Given information:
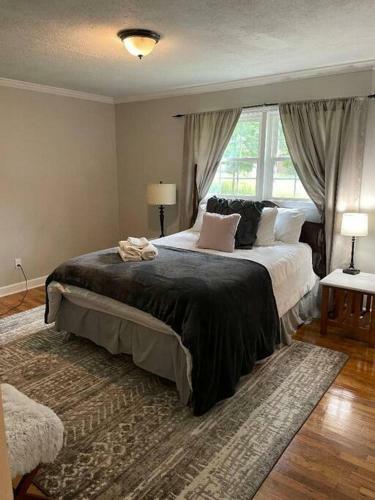 Cheerful 3 Bed/office Home Near All Things Great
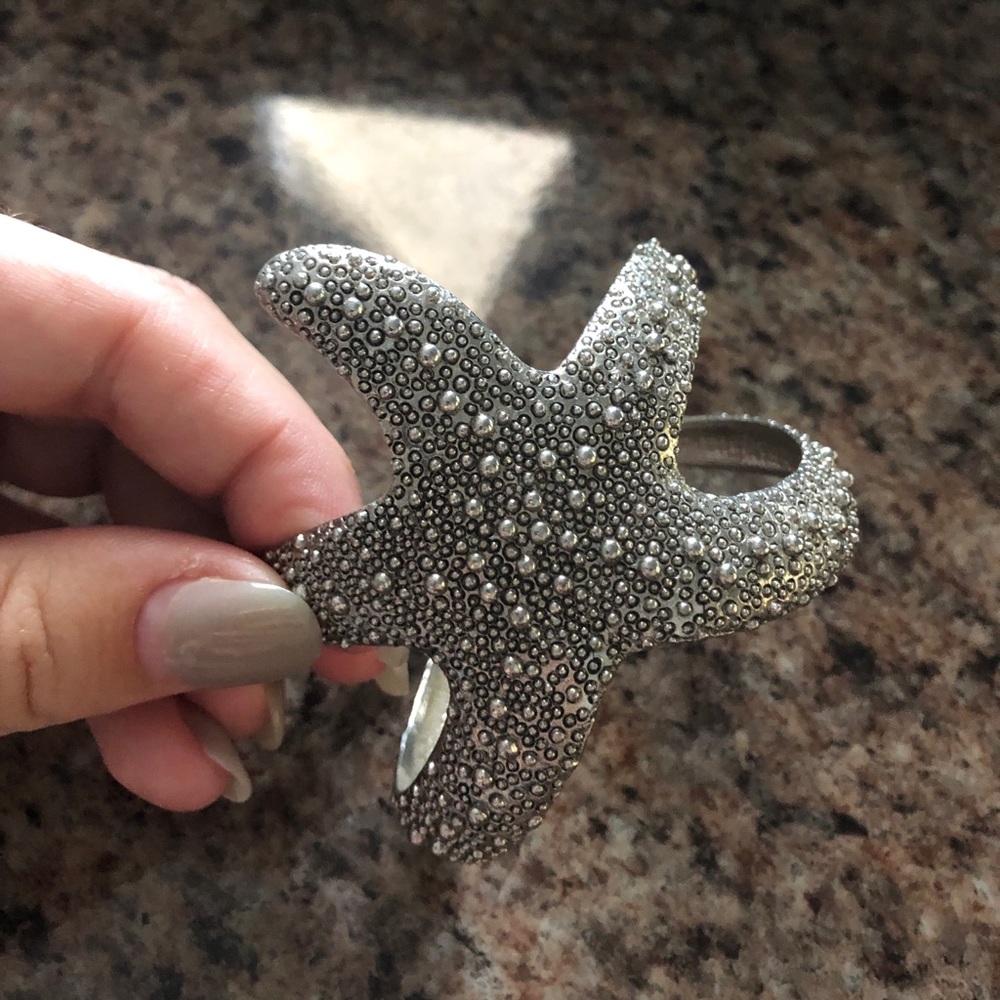 ✨✨ Starfish Bangle ✨✨ - Picture 2 of 9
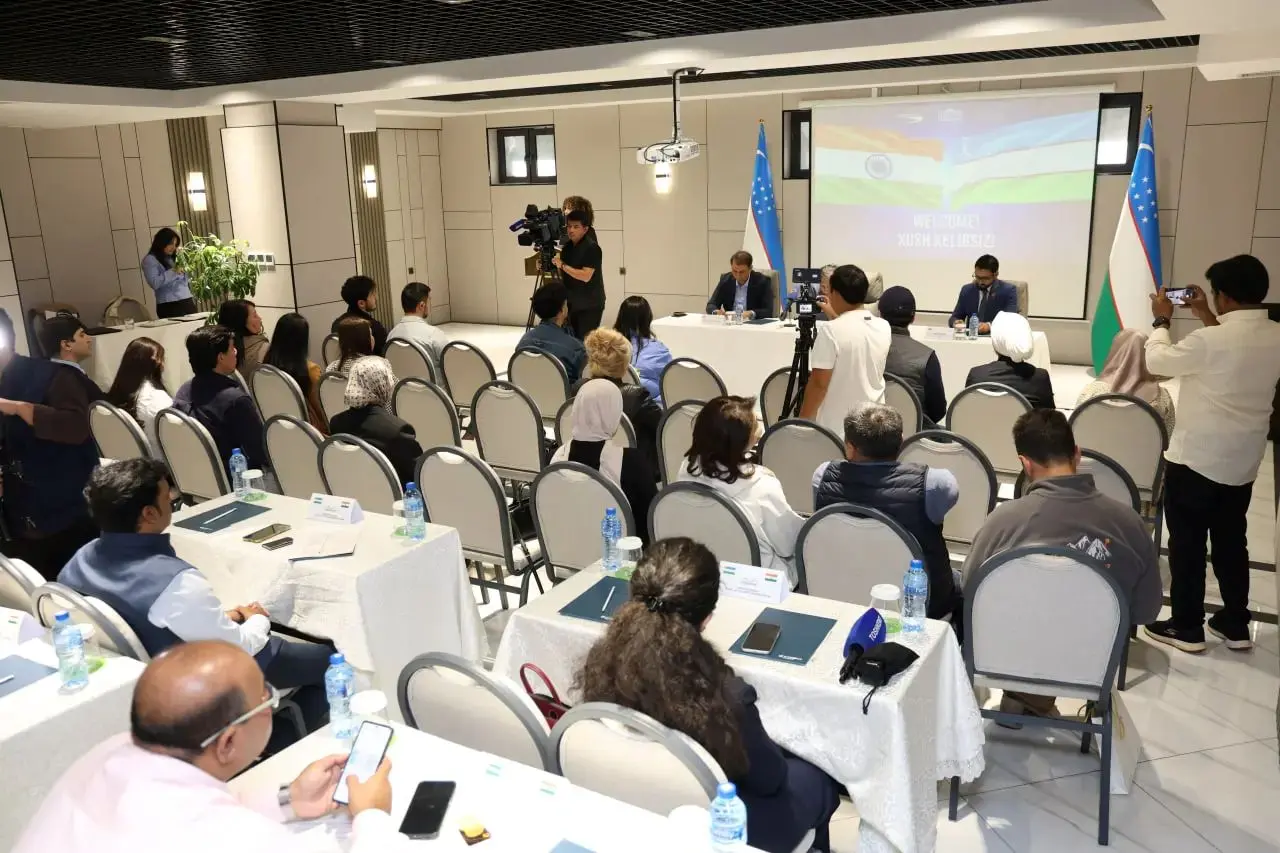 Uzbekistan și India întăresc legăturile turistice prin noi zboruri Hyderabad-Tashkent, creând oportunități de călătorie.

Work required:
Reproduce the lines above exactly, image-free.

Written response:
 Cheerful 3 Bed/office Home Near All Things Great
 ✨✨ Starfish Bangle ✨✨ - Picture 2 of 9
 Uzbekistan și India întăresc legăturile turistice prin noi zboruri Hyderabad-Tashkent, creând oportunități de călătorie.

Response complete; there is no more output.